Not only did Azimuth find things people had already deemed important, such as the guanine and cytosine content in the guide region, it found a bunch more.

"GC content is a proxy for thermodynamics," Listgarten said. "We actually used more proper thermodynamics."

Fusi said that Doench's intuition was also helpful in finding important features. The canonical protospacer-adjacent motif (PAM), or recognition site, for Cas9 from Streptococcus pyogenes is NGG. Doench thought that there might be an interaction between the N and whichever letter came after the GG. "We included this feature into our model and it turned out to be predictive, and in a very particular way," he said. "You need to know both what follows the NGG and what the N is in the NGG is. And you have to know these at the same time. Depending on what the pair is, it makes [the guide] more or less active in knock down."

There are a lot of different features and some are ranked as of higher importance than others. "We can't do effect sizes, because there is no such notion," Listgarten explained, but there is a proxy for effect size, called Gini importance. Different classes of features are ranked and can be drilled down into. The model allows a scientist to ask very specific questions, such as "Does an A in position three matter?" Listgarten said.

Once the paper hit the field, people scrambled to incorporate the algorithm into their guide RNA design tools. Saji Wickramasekara, CEO of lab notebook developer Benchling, told GenomeWeb his firm has already incorporated the findings as an advanced feature. Edward Perello, co-founder of Desktop Genetics, said in an email that the firm's Deskgen platform has implemented a particular version of the model.

They were able to do so because Fusi and Listgarten made sure that it was available in an number of ways, for both research and commercial use.
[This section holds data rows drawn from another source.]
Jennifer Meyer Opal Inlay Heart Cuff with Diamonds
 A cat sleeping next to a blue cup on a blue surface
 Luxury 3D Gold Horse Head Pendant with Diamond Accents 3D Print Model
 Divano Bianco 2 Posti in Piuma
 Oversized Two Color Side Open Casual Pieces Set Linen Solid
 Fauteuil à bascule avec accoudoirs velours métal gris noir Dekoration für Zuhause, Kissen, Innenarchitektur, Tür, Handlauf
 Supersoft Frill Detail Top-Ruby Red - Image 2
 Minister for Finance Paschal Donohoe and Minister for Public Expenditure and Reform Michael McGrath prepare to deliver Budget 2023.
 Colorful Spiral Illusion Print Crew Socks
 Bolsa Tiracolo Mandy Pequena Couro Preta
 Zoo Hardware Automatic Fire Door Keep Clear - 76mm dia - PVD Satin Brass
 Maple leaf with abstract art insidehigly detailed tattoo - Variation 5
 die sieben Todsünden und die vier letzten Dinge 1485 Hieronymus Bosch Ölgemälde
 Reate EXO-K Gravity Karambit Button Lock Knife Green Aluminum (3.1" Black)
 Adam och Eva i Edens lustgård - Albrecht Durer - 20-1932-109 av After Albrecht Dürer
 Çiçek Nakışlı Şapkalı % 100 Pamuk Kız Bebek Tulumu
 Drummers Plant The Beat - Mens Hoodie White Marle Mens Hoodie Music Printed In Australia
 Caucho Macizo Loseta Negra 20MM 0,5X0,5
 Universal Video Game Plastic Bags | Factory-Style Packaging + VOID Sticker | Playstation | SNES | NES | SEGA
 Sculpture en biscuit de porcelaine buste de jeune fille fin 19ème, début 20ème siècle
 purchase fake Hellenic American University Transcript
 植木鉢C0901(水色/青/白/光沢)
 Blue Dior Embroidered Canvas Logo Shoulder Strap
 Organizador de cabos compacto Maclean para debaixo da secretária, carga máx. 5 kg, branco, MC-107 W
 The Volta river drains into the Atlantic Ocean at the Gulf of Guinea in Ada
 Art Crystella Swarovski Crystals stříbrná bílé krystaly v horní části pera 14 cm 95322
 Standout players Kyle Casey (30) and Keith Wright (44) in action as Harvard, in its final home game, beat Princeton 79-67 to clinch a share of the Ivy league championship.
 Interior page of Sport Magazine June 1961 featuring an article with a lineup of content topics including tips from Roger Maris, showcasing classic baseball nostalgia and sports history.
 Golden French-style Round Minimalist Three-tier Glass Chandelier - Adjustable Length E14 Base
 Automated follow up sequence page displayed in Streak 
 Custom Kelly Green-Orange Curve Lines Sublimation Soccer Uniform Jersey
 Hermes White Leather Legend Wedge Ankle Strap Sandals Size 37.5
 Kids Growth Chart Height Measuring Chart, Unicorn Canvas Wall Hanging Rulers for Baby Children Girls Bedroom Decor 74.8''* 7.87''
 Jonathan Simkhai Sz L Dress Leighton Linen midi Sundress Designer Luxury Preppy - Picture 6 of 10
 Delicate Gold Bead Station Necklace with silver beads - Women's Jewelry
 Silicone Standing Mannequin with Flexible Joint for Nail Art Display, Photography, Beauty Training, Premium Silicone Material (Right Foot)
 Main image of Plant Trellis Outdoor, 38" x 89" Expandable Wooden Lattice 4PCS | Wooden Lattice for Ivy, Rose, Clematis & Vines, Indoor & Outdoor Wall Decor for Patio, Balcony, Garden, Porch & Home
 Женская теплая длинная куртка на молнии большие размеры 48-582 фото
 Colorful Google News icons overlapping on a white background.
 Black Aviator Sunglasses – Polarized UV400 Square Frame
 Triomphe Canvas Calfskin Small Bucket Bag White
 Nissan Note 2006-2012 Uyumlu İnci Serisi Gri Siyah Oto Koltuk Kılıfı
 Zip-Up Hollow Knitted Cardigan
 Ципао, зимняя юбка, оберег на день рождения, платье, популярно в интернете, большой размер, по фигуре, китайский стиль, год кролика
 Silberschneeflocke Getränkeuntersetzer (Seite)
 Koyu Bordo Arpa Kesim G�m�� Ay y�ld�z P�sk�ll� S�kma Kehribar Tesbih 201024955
Benchling's engineers have been in direct contact with Doench and the Microsoft team, Fusi said, while Deskgen noted on its blog that it has used code provided by the Microsoft researchers on the Github code repository.

The Broad Institute has also incorporated the model into its web-based sgRNA design tool and Microsoft has implemented it on its Azure cloud platform.

"People can interact with it via Excel or their language of choice," Listgarten said. "There's a bit of code you can insert [into your program] to ping our cloud server. We very purposefully made it available in all these different ways because it suits different people with different expertise and desires in how they want to use it."

Fusi added, "The more people that use it, the better it is for everyone."